4.7 Having reached these conclusions the Panel examined whether the export prohibitions on certain unprocessed salmon and unprocessed herring maintained by Canada were primarily aimed at the conservation of salmon and herring stocks and rendering effective the restrictions on the harvesting of salmon and herring. The Panel noted Canada's contention that the export prohibitions were not conservation measures per se but had an effect on conservation because they helped provide the statistical foundation for the harvesting restrictions and increase the benefits to the Canadian economy arising from the Salmonid Enhancement Program. The Panel carefully examined this contention and noted the following: Canada collects statistical data on many different species of fish, including certain salmon species, without imposing export prohibitions on them. Canada maintains statistics on all fish exports. If certain unprocessed salmon and unprocessed herring were exported, statistics on these exports would therefore be collected. The Salmonid Enhancement Program covers salmon species for which export prohibitions apply and other species not subject to export prohibitions. The export prohibitions do not limit access to salmon and herring supplies in general but only to certain salmon and herring supplies in unprocessed form. Canada limits purchases of these unprocessed fish only by foreign processors and consumers and not by domestic processors and consumers. In light of all these factors taken together, the Panel found that these prohibitions could not be deemed to be primarily aimed at the conservation of salmon and herring stocks and at rendering effective the restrictions on the harvesting of these fish. The Panel therefore concluded that the export prohibitions were not justified by Article XX(g).

5. CONCLUSIONS

5.1 For the reasons set out in paragraphs 4.2-4.7 above, the Panel found that the export prohibitions on certain unprocessed salmon and unprocessed herring were contrary to Article XI:1 and were justified neither by Article XI:2(b) nor by Article XX(g). The Panel therefore suggests that the CONTRACTING PARTIES recommend that Canada bring its measures affecting exports of certain unprocessed salmon and unprocessed herring into conformity with the General Agreement.

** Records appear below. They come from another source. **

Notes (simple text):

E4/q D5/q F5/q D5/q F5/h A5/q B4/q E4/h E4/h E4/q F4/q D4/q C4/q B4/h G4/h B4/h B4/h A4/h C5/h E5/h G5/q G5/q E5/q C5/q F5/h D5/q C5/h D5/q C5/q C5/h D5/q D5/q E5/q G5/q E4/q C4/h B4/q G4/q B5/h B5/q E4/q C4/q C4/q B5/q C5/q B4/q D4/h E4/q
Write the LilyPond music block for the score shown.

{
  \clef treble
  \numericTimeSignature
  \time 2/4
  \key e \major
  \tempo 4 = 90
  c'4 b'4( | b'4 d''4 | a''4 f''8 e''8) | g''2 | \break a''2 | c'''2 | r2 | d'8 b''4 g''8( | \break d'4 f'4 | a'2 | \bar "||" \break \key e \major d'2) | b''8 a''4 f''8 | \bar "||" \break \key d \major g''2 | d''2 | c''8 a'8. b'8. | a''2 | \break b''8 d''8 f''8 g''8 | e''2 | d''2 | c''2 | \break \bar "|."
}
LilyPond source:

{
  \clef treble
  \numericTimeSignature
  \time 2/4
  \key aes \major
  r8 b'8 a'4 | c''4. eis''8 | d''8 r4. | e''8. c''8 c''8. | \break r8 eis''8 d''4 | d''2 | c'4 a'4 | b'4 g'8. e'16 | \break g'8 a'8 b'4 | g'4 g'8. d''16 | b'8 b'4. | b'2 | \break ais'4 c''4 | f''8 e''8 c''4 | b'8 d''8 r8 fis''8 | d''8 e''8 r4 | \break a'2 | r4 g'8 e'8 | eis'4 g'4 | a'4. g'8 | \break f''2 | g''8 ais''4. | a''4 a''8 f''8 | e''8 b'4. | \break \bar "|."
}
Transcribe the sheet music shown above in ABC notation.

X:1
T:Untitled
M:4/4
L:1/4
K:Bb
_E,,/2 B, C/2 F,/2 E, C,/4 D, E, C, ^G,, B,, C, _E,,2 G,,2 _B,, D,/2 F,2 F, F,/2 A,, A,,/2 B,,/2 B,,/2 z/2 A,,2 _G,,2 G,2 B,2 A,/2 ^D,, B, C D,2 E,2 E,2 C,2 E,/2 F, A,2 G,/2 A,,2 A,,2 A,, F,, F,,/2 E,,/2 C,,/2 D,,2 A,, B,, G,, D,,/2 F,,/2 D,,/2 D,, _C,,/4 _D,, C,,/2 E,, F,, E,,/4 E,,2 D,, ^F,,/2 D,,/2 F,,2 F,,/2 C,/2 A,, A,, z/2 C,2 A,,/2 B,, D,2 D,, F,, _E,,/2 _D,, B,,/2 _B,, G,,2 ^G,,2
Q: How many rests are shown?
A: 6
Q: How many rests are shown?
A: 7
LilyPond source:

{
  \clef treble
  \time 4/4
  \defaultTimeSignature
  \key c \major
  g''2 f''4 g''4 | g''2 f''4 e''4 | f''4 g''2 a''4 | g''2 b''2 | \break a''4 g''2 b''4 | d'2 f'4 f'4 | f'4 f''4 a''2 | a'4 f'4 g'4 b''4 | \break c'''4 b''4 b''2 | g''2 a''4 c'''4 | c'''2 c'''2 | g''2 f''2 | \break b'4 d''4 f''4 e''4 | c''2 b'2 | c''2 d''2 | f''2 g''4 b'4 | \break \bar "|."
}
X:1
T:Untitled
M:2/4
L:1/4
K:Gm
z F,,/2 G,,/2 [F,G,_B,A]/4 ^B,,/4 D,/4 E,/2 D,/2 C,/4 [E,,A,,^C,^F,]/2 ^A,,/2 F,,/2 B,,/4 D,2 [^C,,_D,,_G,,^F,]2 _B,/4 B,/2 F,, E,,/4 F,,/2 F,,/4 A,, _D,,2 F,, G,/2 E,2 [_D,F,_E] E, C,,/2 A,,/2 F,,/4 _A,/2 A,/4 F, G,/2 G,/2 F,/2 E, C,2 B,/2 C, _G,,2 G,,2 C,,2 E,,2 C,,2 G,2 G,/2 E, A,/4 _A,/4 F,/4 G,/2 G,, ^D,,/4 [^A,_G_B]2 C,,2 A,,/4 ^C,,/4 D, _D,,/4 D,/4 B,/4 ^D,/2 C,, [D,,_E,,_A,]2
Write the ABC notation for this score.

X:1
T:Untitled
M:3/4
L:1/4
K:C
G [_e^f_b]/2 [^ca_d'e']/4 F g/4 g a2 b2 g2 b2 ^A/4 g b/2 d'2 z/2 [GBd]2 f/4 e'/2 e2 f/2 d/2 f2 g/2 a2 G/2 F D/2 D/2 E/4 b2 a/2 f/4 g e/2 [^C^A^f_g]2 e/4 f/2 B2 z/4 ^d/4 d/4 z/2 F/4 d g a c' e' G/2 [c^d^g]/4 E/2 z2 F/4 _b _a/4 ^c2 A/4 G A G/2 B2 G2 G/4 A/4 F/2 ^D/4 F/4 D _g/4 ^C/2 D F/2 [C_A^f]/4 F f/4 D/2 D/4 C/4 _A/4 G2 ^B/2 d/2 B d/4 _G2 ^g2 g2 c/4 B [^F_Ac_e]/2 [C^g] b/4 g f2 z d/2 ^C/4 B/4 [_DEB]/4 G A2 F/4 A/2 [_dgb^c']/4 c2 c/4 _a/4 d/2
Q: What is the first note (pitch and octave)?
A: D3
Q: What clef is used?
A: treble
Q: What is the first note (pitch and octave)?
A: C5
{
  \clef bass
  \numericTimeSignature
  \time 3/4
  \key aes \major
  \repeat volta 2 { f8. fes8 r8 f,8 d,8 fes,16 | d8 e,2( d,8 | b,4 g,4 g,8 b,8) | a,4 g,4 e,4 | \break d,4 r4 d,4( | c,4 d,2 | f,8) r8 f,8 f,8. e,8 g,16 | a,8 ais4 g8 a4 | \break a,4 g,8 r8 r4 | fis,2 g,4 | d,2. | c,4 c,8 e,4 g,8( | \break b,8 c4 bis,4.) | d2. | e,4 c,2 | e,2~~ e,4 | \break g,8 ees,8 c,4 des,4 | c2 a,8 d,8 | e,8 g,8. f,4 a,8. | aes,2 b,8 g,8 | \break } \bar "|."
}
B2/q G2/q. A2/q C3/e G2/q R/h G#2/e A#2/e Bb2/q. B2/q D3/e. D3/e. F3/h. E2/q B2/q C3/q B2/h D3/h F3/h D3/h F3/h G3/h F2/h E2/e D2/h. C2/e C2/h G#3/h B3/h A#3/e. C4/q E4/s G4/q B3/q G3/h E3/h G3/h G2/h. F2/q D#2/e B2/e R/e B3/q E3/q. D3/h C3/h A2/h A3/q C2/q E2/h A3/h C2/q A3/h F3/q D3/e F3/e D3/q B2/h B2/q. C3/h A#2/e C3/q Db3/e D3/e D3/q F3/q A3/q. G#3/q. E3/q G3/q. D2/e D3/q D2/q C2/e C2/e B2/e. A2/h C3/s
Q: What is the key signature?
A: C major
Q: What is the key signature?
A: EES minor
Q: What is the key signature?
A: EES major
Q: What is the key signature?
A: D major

5.2 The United States asked the Panel to suggest that Canada be requested to refrain from replacing the export prohibitions by other measures having equivalent effects. The Panel considered that its mandate was limited to the examination of Canada's present measures and it therefore did not examine whether other measures with equivalent effects would be inconsistent with Canada's obligations under the General Agreement.

5.3 Canada referred in its submission to international agreements on fisheries and the Convention on the Law of the Sea. The Panel considered that its mandate was limited to the examination of Canada's measures in the light of the relevant provisions of the General Agreement. This report therefore has no bearing on questions of fisheries jurisdiction.